State archives take up a lot of space. Should we digitise the lot, and burn the books? Finland is taking a radical step

12th May 2016
By Tom Jeffreys
The Old Reading Room at the National Archives of Finland

Behind the grand neoclassical facade of the National Archives of Finland in central Helsinki, a strange and controversial scene is playing out. A man in a dark T-shirt takes an old book from a pile on a shelf. Armed with a pair of scissors and a sharp knife, he slices down the back of its spine, breaks open the binding, and separates out the pages. These are then trimmed in an electric guillotine, stacked together and placed inside powder-blue cardboard boxes. Leftover bindings are thrown unceremoniously into a plastic bin, while the pages are readied for the digitisation machines.

For those raised on a belief in books as the pinnacle of civilisation, this is a horrifying scene – all the more so for where it takes place. Archives, after all, are places of conservation, not destruction. But not, it seems, for long. Finland's National Archives is currently celebrating its 200th anniversary. At the same time, legislation is being finalised that will enable the Archives not simply to digitise its documents but to dispose of them too. This is a radical step. But is it necessary?

To answer, it's important first to understand the logic of the archiving profession. Archives are not museums, and their priorities are not the same. "The National Archives are not about paper, but the data that the papers are covered with," says Deputy Director General Markku Nenonen. While the National Archives do contain a number of rare and beautiful objects – such as the 1316 letter from the King of Sweden to "the women of Karelia" – its bread and butter is information.

This information comes from government departments, private citizens, communities, corporations and third sector organisations. And it comes, for the most part, on paper. Today, it is mostly A4, white, and made from wood pulp. But the National Archives also contains information on parchment, microfilm, and now in the form of digital files. If we understand that information is the priority, then the form it takes is only secondary. Longevity, access, and cost-efficiency are the drivers. Sweden and Hungary are cutting open their books too.

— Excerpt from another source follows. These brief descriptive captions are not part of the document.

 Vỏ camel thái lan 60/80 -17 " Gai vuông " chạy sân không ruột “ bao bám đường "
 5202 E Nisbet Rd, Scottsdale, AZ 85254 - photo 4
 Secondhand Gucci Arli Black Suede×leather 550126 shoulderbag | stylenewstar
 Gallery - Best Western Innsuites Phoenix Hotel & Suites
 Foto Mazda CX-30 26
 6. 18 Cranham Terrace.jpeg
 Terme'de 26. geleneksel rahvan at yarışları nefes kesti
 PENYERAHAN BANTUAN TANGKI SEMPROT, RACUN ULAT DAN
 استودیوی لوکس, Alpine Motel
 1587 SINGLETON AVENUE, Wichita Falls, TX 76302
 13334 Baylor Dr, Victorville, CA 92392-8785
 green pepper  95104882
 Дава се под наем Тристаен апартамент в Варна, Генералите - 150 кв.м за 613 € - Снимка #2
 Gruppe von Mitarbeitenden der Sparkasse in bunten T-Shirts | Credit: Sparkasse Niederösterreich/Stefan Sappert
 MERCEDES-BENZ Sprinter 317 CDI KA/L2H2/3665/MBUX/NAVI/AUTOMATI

It is also worth making the perverse-sounding point that these books are not, in fact, books. They were not conceived as books, nor were they bound by professional – or even particularly skilled – bookbinders. Instead, many of them consist of sheaves of individual documents bound together some years after they were first produced; and many comprise fragile, 20th-century papers made from wood pulp, which is especially vulnerable to damage from the very glue that is holding them together. Having been cut from their bindings, these documents can now be stored horizontally. The new powder-blue boxes are acid-free. What may look like vandalism is in fact contributing to the longevity of the document.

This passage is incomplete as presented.